La différence entre la ou les connotations du « Bien et du Mal » et celles du « licite et de l’illicite » est absurde. La logique imposait qu’elles se recoupent. Néanmoins, le fossé béant qui les sépare confirme « l’historicité », « l’humanité » et « le patriarcat » de l’esprit qui a secrété les conceptions de « licite et d’illicite » alors que celles de « Bien et mal » sont porteuses d’une large dimension humaine.
A ce propos, j’invite les lecteurs à passer en revue, dans nos sociétés, la rubrique des faits ou actes classés comme « illicites » pour découvrir eux-mêmes ce que j’ai voulu dire par l’esprit « historique », « humain » et « patriarcal » qui a codifié comme illicites des dizaines de faits.
Il est indubitable que l’esprit qui distingue entre le Bien et le Mal est plus élevé du point de vue cognitif, intellectuel et culturel que l’esprit qui pèse le tout du point de vue du « licite » et de « l’illicite ».
De plus, la référence aux gens du « licite » et à ceux de « l’illicite » est basée dans sa majorité voire dans sa globalité sur les « textes » et les propos des prédécesseurs et non sur la raison, la pensée et la logique.
Je n’ai jamais soulevé de telles idées dans mes interventions écrites ou verbales sans que résonne dans mes oreilles le nom de Abu Hamid Muhammad ibn Muhammad Al-Ghazali (mort en 1111 J.C.).
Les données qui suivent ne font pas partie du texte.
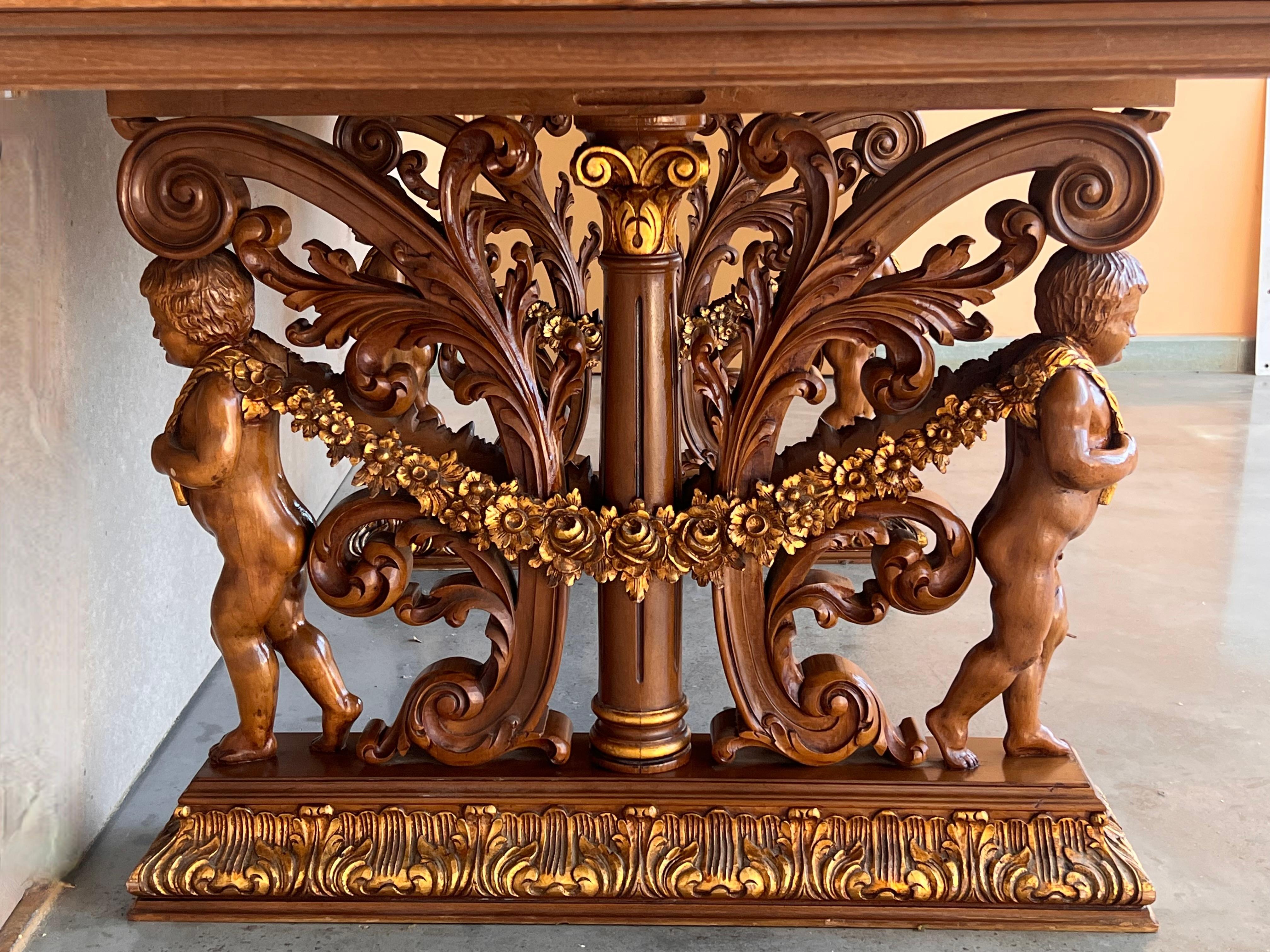 Mesa de centro o de comedor francesa de principios del siglo XX tallada en marquetería de roble blanqueado en venta 5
C’est lui qui a ancré dans l’esprit des Musulmans en général et de leurs juristes en particulier que l’esprit humain est incapable- à lui seul- de concevoir les réalités ! A ce propos, j’ajouterais que j’ai vaqué tout le long de deux ans de ma vie ( dans les années quatre-vingt du siècle dernier) à l’étude de la logique de Ghazali à travers toute son œuvre qui nous est parvenue ainsi que deux autres années à celle de la logique différente et adverse voire contraire d’Averroès (mort en 1198 J.C.) dont je prétends avoir minutieusement étudié l’œuvre posthume.
Quelle ignominie pour les peuples de notre région de ne pas rendre l’hommage qui lui est dû à Averroès ; bien plus de le décerner à des juristes de peu de valeur et de moindre importance tels Ibn Taymiyya (mort en 1328 J.C.) et Ibn Qayyim al-Jawziyya (mort en 1350 J.C.)
Nul lecteur ne pourrait omettre que l’hégémonie, la domination et l’influence de la classe des hommes de religion est absolument celle du courant du licite et de l’illicite : confirmant d’une part que ce sont eux qui détiennent la référence fondamentale et empêchent d’autre part les autres dont les savants, les intellectuels, les cultivés encyclopédistes de donner leur avis en ce qui concerne le licite et l’illicite. C’est le revers de ce qu’autorise la logique du « Bien » et du « Mal ».
En outre, la conception du licite et de l’illicite interdit l’existence du concept de l’humanité ! A l’encontre de la logique du « Bien » et du « Mal » qui autorise les manifestations du concept de l’humanité. Bien plus, la logique du licite et de l’illicite est porteuse de tous les sens négatifs sur le socle de « Nous et Eux ».
En somme, je reste toujours cramponné au rêve d’un projet éducatif culturel et intellectuel qui assure la promotion à l’esprit , à la culture et à la logique du « Bien » et du « Mal » selon une formule humanitaire et que cette dernière logique reste pour toujours la boussole, le guide et la référence de l’autre logique, celle du « licite et de l’illicite ». C’est une question qui ne peut être réalisée sans qu’elle ne soit précédée par l’ancrage et la radicalisation de l’humanité de la jurisprudence qui naviguerait de conserve avec les propos de Abū Ḥanīfa, le fondateur de l’école de jurisprudence sunnite hanafite : « C’est notre avis. Si jamais quelqu’un en prônait un autre meilleur, on l’accepterait ». Il n’ y a nul doute que nous savons qui- parmi les personnes et les institutions- combattra contre cet appel. Ils y verront une nanisation de leur prestige et de leur pouvoir presque sacralisés.